Tenderers were required to meet one of the three prequalification criteria regarding the minimum BBBEE status level in order for their bids to be considered.
They would either be an “exempt micro enterprise” [or EME], or to be a qualifying small enterprise [QSE] or to undertake to subcontract at least 30% of the work to EMEs or QSEs in various categories.
“There is no dispute on the papers that Siemens met at least one of the three prequalification criteria — the requirement to commit to subcontract 30% of the work to qualifying QSEs and EMEs,” acting judge Stuart Wilson said in his judgment. He said this was recorded in Eskom’s supplier development and localisation evaluation report, which was compiled as part of the tender evaluation process.
“Nonetheless, the report concludes, Siemens' 'B-BBE status and level' does not 'allow them to tender for this work'," the judge said.
The judge said it followed that Eskom accepted that Siemens had met at least one of the three prequalification criteria.
“Eskom nonetheless concluded that this was insufficient to meet the criteria as they were set out in the invitation to tender.

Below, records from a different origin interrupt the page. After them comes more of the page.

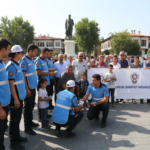 Samsunda Toplum Destekli Polis Cumhuriyet Meydaninda Sahaya Indi gemini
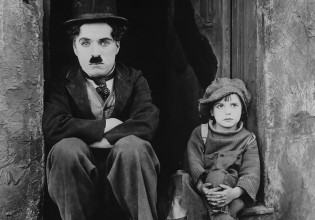 Τσάρλι Τσάπλιν – Σαν σήμερα ανήμερα Χριστουγέννων πέθανε ένας μύθος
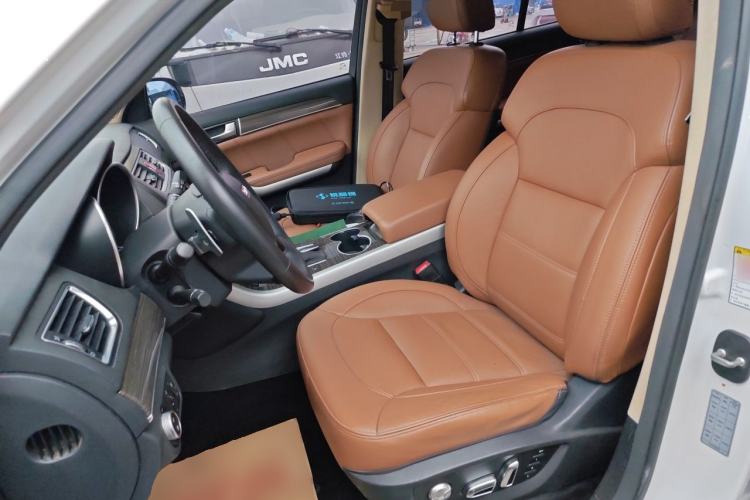 Used Haval H8 2015 2.0T Two-Wheel-Drive Luxury Version Left Front Seat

But that was erroneous.”
Wilson said this was at odds with the conditions set in the invitation to tender itself.
“There was accordingly no basis on which the criteria could rationally justify Siemens’ disqualification from the tender process.”
Wilson said Siemens’ disqualification from the tender process was therefore unlawful.
He said that tainted the tender process as a whole, and rendered Senta Square’s appointment unlawful and invalid.
“Given the present fragility of SA’s power distribution system, I am loath to simply set aside the tender process without some sense of what effect, if any, that would have on Camden Power Station and its productive capacity.”
Wilson said he was alive to the fact that the contract awarded to Senta Square had only just over six months left to run.
“I need to know how, on the facts, that might affect any order I make to require the tender process to be rerun.”
The judge said Senta Square has not, to date, participated in the proceedings.
“However, now that the tender process has been found to have been unlawful, Senta may well have a renewed interest in participating in these proceedings. It should clearly be given an opportunity to be heard at the remedy stage,” he said.
In his order, Wilson directed the parties to furnish factual information on affidavit on the just and equitable remedy to be granted in light of the judgment, by no later than September 3.